Wednesday 19 June 2013

The Abba Museum Experience

It is not often that you get to visit a brand new museum.  Over recent years the expectations of interactivity and engagement have increased and the tendency for glass fronted cabinets showing vast numbers of objects with hard to decipher labels has waned.
 
Justin in the ABBA spotlights
As I re-visit institutional museums with my kids, like London's Science and Natural History, I find myself looking at how the ideas are being displayed and how the story telling is being put across.  I was struck at the Imperial War Museums (of the North, in Salford, UK) use of bleak colours, heavily pared back use of cabinets of artifacts and instead investment in actors to run childrens story telling to put across multiple perspective feelings of war, for good and bad, rather than the heroic battling version that I remember.  The black out and circular, moving search lights sought to ape the feeling of the nightly air raids many towns and cities faced.
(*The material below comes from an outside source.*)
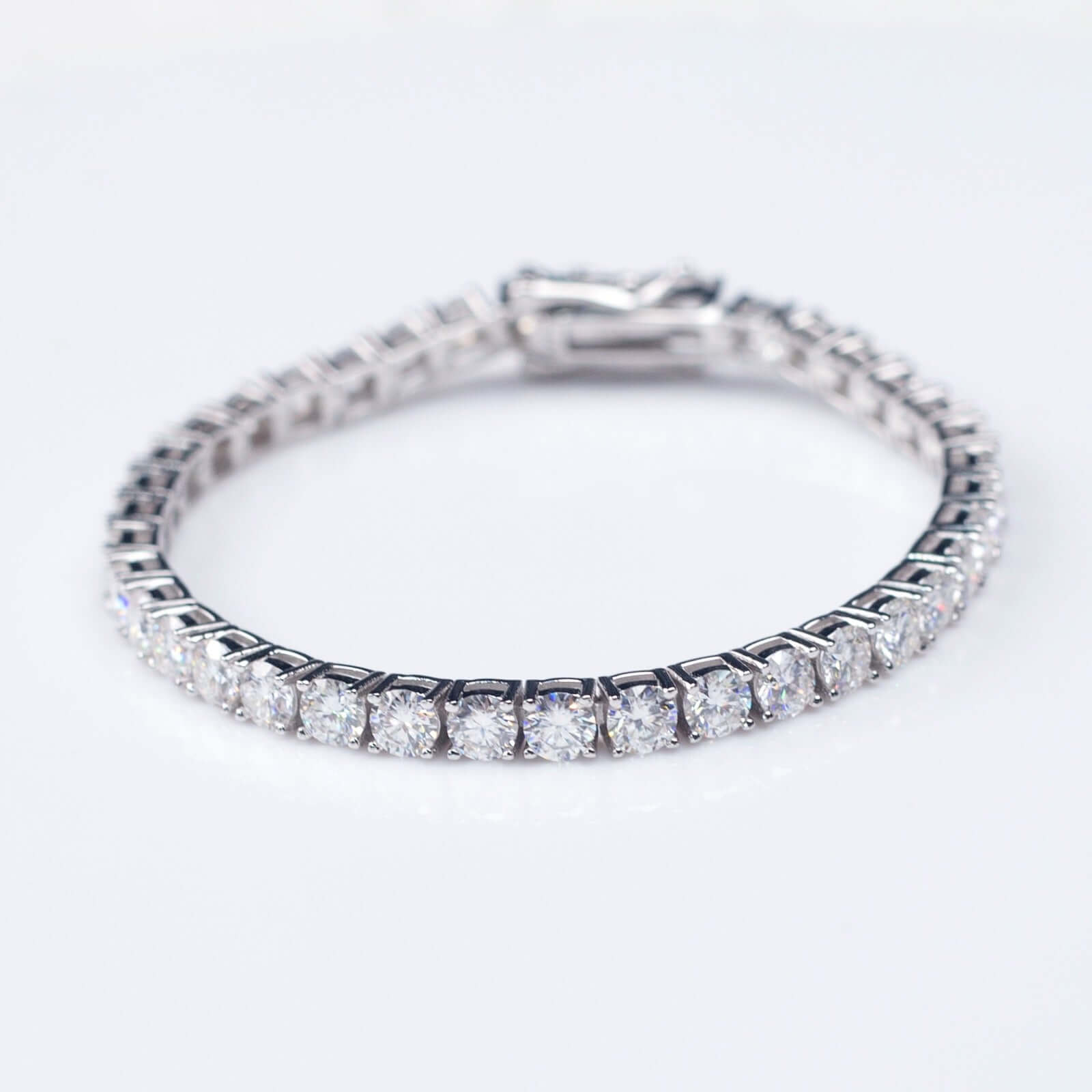 The Tennis Bracelet in 4MM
So from gloomy war themed to light and fluffy Swedish pop band museum.  From the profound to banal.  But surely with all that nostalgia and catalogue of chart topping sing-a-long titles, the opening of the Abba museum in Stockholm in 2013 has got to be a good thing ?   And, what better way to mark the successful hosting of the 2013 Eurovision competition (amusing video link showing how self-depreciating the Swedes can be about their culture) than to launch a museum to what must be one of Brand Swedens best assets - Abba.  Volvo, Ericson, IKEA may also spring to mind and possibly Sauna's, Saab and Ace of Base if you are free thinking Swedish brand associations. But also don't forget Spotify and Skype - more contemporary evidence of the innovative side of economic activity. 

The stage costumes were something else....
Thus, with some excitement I walked (well, 'marched' more accurate, thanks to Fiona's pace setting) a full hour in the simpering nearly sunny conditions, battling against the crowds lined up to support Stockholm's annual marathon to find the just opened Abba museum.  In a modern basement, underneath a rather large shop.  Now somethings just surprise you in their obviousness.  Clearly after the huge success of film and stage versions of Abba's stand out musical career, the idea of the bands home supporting a suitable museum is brand mana for heaven for destination Stockholm and an idea whose time is well and truly over due ?

Walk in.   Dance out.
 
This appeared to be one of the promotional tag lines associated with the museum experience.  I certainly don't remember a song title of the same or similar. 

As you might expect in an innovative, developed city there were a number of interesting differences - it was cashless,  you could only pay by card, paid for audio devices did not have headphones and were easy to recycle, the Abba themed ding on the queue management system was very clever, but annoying after 25 minutes of waiting under it, and the integration of the wider Swedish music scene dubbed the hall of fame. The snake like journey through the basement saw IKEA like, mocked up rooms with vistas - to show how the band members lived and worked were clever, but careful inspection of images highlighted that they weren't original items, but merely replicas in the style of.... which was a little disappointing.  There was clever use of the entrance ticket code to share recordings from karaoke, green screen dancing and Abba themed quiz (70% on the medium quiz, in case you were wondering - so a reasonably serious fan !).   A range of technology based activities that made it more than a maze like journey through a dark basement.
An overtly pro-consumptionist piece of propaganda ?

As I get older, I like the finer things in life (wine that costs more than £7 a bottle) and no longer like to be herded with lots of other people through confined spaces.  The Saturday morning demographic saw me look quite young, and Fiona my twenty something colleague positively youth-like.  I guess the appeal of the museum experience is to those of a certain generation (& I would like to think I was at the back end of this) who listened to Abba whilst growing up.  I have to fess up (=confess in contemporary UK English) my first single was Abba Arrival and I've always loved Abba, even if I was only really getting into music at the end of their illustrious career. 
 
Having consumed various documentary shows about Abba over the years, I am not sure there was that much I learnt about the band after the museum experience. I most certainly wasn't dancing out.  But I loved the ideas of interactivity - and did the karaoke, skipped the green screen dancing and enjoyed the quiz.  In the round, I was delighted to have been (one of the first & certainly gloated about this visit) and don't doubt the wisdom of picking this as my first Stockholm museum visit - but I think I will make more of an effort to get to the Viking museum next year.  Skol !
Thanks to Fiona for organising the trip and letting me use her photos.